Billed as his first major speech on the EU since backing Brexit, Boris Johnson warned Britons not to be “cowed by the gloomadon poppers” – referring to the pessimistic pronouncements on Brexit by the Remain campaign. But as is often the case, the Mayor of London did not let facts get in the way of his characteristic colourful language.
His speech delivered at a Europa warehouse in Dartford, Kent repeated several Leave campaign myths. InFacts looks at seven of them.
1. “Brussels is producing between a half, according to the House of Commons, or some say two-thirds of everything that goes through Parliament.”
Trying to calculate the proportion of UK law which comes from the EU is a fool’s game, which is why the Remain camp estimates low and Brexiteers tend to shoot high.

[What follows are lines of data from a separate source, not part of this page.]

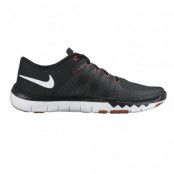 Nike Free Trainer 5.0 V6, Black/White-Cl Gry-Brght Crmsn, 42,5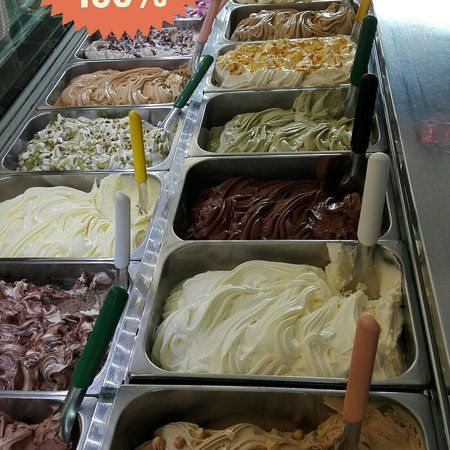 Gelateria Dulce Argentina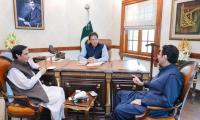 Gen (retd) Bajwa 'showed path' to Imran's PTI, says CM Elahi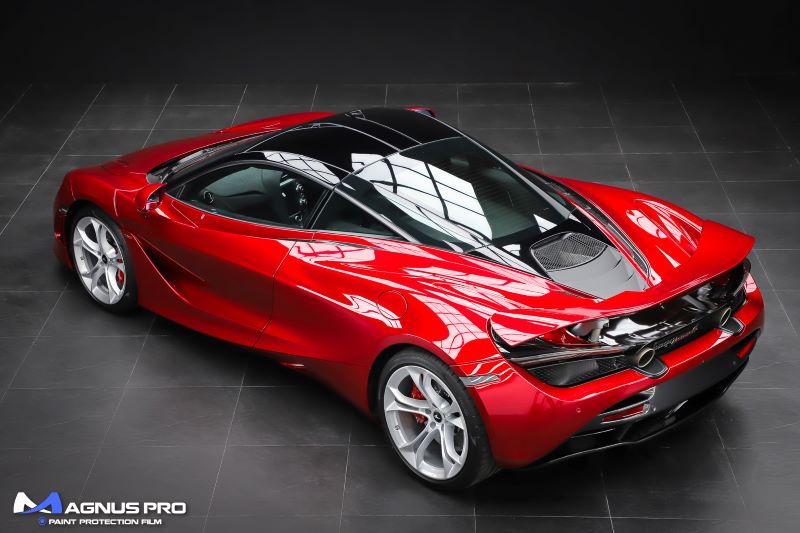 Dán PPF ô tô tại Đắk Nông bảo vệ tối ưu lớp sơn zin và các chi tiết nội thất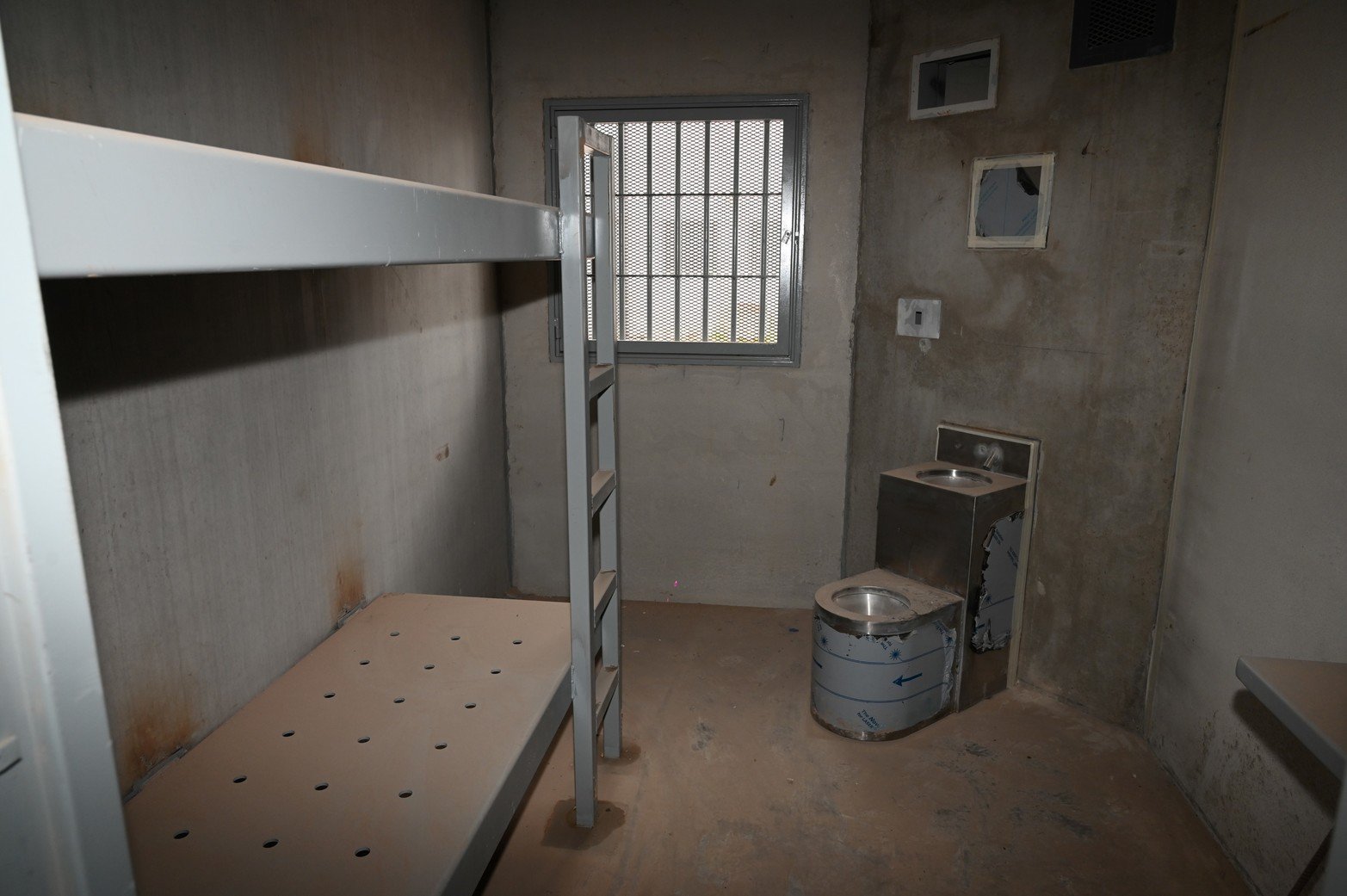 La Unidad Penitenciaria Nº 9 que se construye en la ciudad de Recreo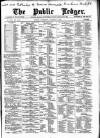 Public Ledger and Daily Advertiser Wednesday 06 January 1897 Page 1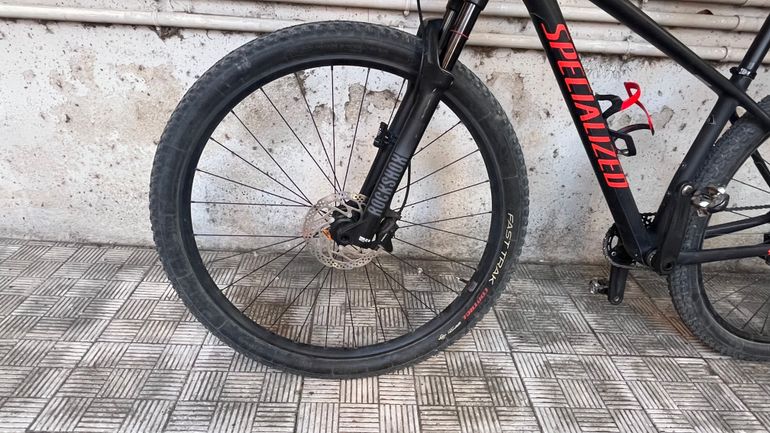 Used Specialized Epic Hardtail 2021 2021 Mountainbike, Black, 29 — image 4 of 9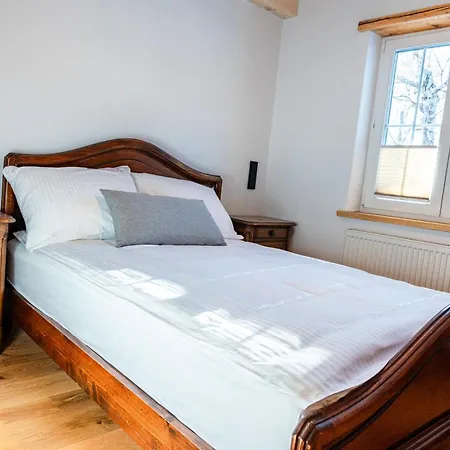 Dom Nad Potokiem Z Sauna Липова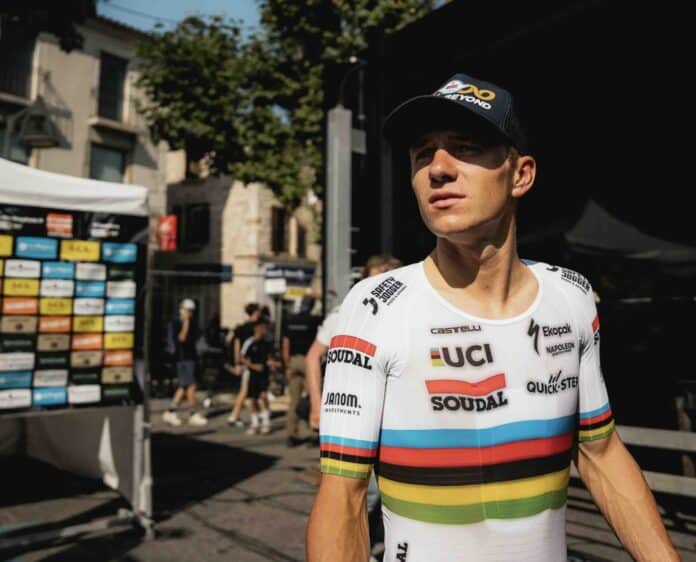 Tour de France 2025 étape 5 horaires et ordre de départ du contre la montre de Caen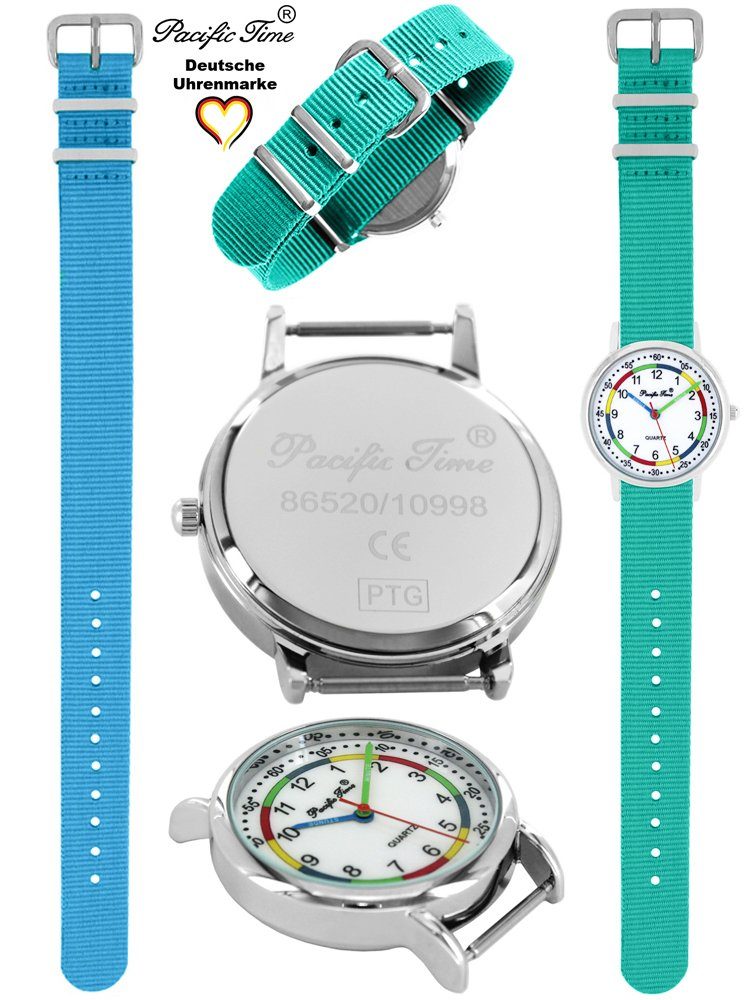 Pacific Time Children's Learning Watch - Fun & Easy Time-Telling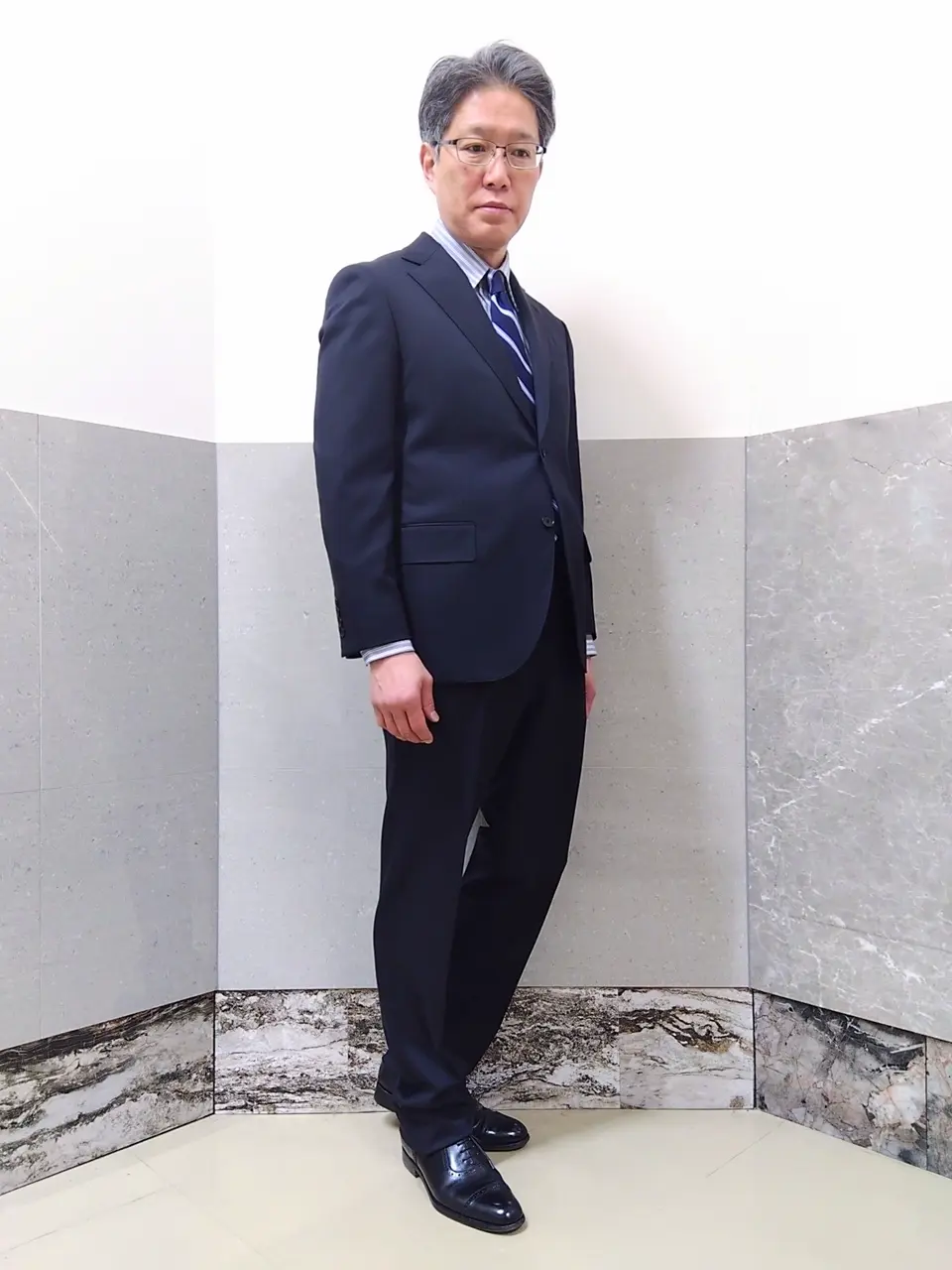 J.PRESS MEN 金子 コーディネート画像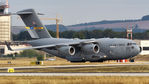 10-0221 @ ETAR - 10-0221 C-17A charleston - by Wesley Herrebrugh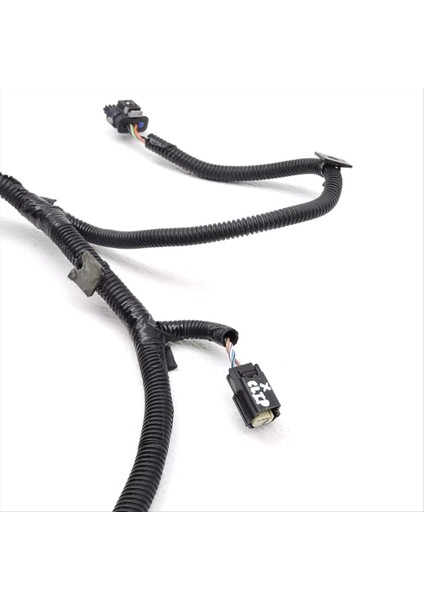 Ön Tampon Kablo Kablolama Fişi Kabuğu 1004420-03-J 1004420-03-G Tesla Modeli S 2012-2016 (Yurt Dışından) fırsatları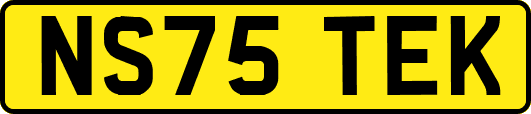 NS75TEK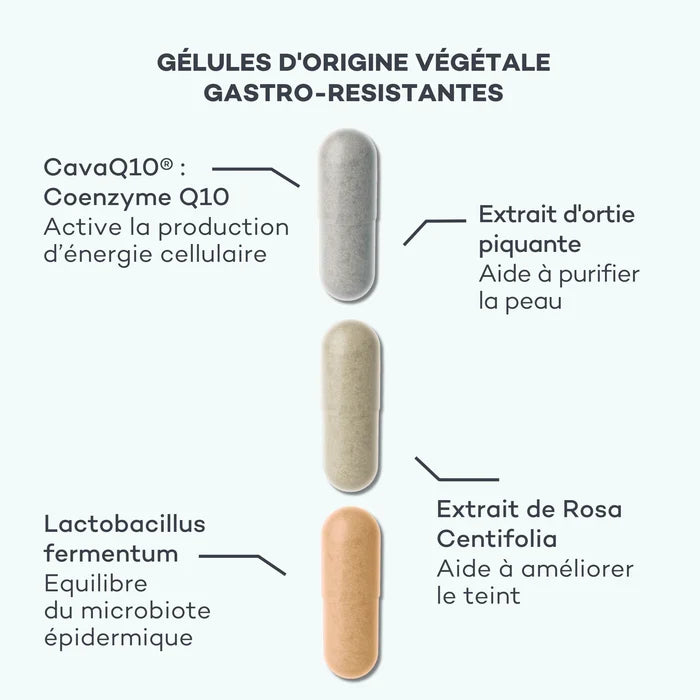 Programme Peau-Parfaite - Peau régénérée, purifiée et matifiée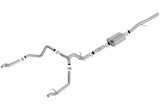 Borla 140775 Cat-Back Exhaust System - ATAK®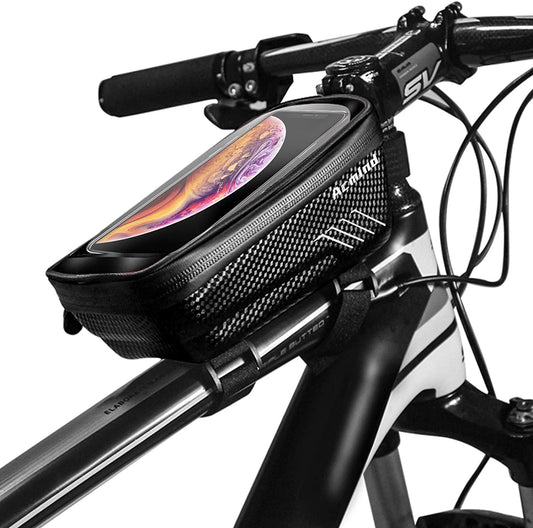 Wild Man Bike Phone Bag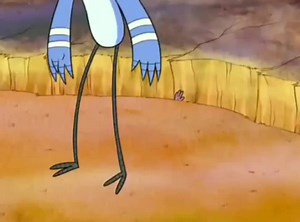 Il ritorno. #bensonincazzato #regularshowmeme #regularshow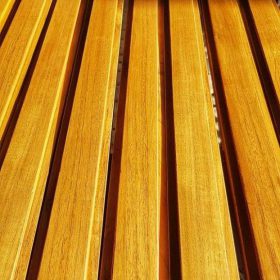 Lumbersiring Kayu Jati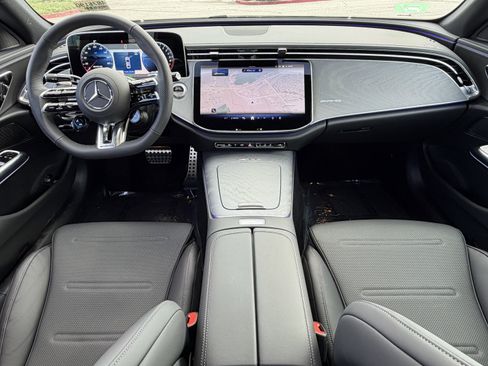 New 2026 Mercedes-Benz E 53 AMG e 4MATIC Sedan image 29
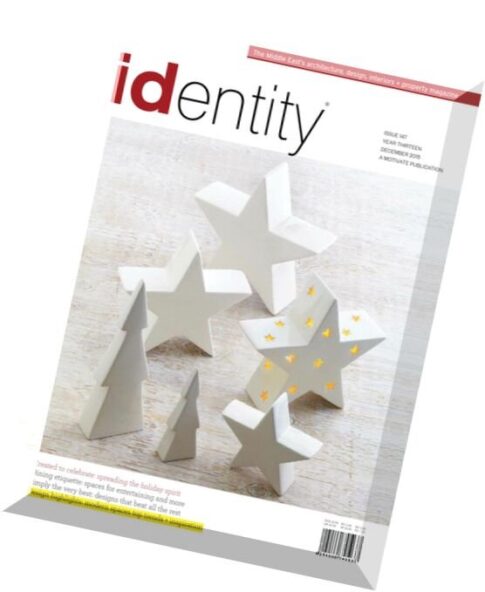Identity – December 2015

The most recent House of Commons report puts the figure at 13.2%, but a different calculation can easily put it at about two thirds. Very little of this legislation actually goes through Parliament.
2. The EU has rules on “how old a child has to be before he or she can blow up a balloon”.
This euromyth dates back to 2011. The European Commission then issued an emergency press release saying the regulation merely recommends adult supervision and emphasised that under-eights were not banned from inflating balloons.
3. “They restrict our ability to deport criminals and people who are a threat to the security of this country.”
This allegation centres on the case of a Moroccan woman in the UK, a convicted criminal, but also mother of a young child who has British nationality. The protection of children is part of UK law independently of EU law. But in the case of a risk to public security she can be deported anyway.
4. The UK gives the EU “£20bn per year, half of which [it] spends in our own country. Brussels bureaucrats deciding how to spend UK taxpayers’ money in the UK.”
This is another version of the incorrect claim that Britain sends Brussels £55 million per day, or £350 million per week. In 2015 Britain’s EU budget contribution was £17.8 billion. But £4.9 billion of that was Britain’s rebate, which is not sent to Brussels.
Boris is right that roughly half of the remaining £12.9 billion is returned to the UK as funding for farming, regional development and science, as well as contributing to our national development aid budget. The precise allocation of funding within these areas is generally managed at the national level.
5. “The demented Common Agricultural Policy, massively over-bureaucratic and prescriptive, adds about £400 to the cost of food for every household in this country.”
Although the CAP is in desperate need of reform, the £400 annual figure is wildly exaggerated. According to the Office for National Statistics, household expenditure on food, drink, alcohol, cigarettes and narcotics is roughly £70 per week. Contrary to eurosceptic claims, ditching the CAP would save 1% on food bills – 70p per week, or just over £36 per year.
6. “The EU budget is so wasteful and so corrupt that the Court of Auditors has not signed off the accounts for the last 20 years.”
This mistake, which also displays a lack of understanding of auditing, is repeated almost annually. The Court of Auditors has “signed off” on the EU budget every year since 2007. What confuses people is the “estimated error rate” – the amount of money that should not have been paid out, due to complex eligibility rules and overestimates of farmers which the EU tries to claw back after the budget, as well as other reasons. The auditors have stressed it is “not a measure of fraud, inefficiency or waste”. The “overall rate of material error” was 4.4% in the 2014 EU budget, but this needs to be less than 2% “free of material error”. This is not ideal, but also not the same as not having the accounts signed off.
7. “We could strike free trade deals with America, with China, with the growth economies around the world.”
It is wishful thinking for Boris to suggest trade deals would be quick and easy when he says “we would be able to begin immediately with those long-neglected free trade opportunities which we can’t do at the moment”. China and the US would be tough negotiators and the UK would have greater clout negotiating trade deals as part of a 500 million-consumer bloc. Boris’ idea that the UK could complete trade agreements easily outside the EU was thrown into doubt by the president of the US Export-Import Bank, who said recently: “If we’re going to put all that political effort in, it’s not going to be a bilateral [deal].” Last October, US trade representative Mike Froman also argued the UK “has a greater voice at the trade table being part of the EU” and that the US was “not particularly in the market” for trade with individual nations.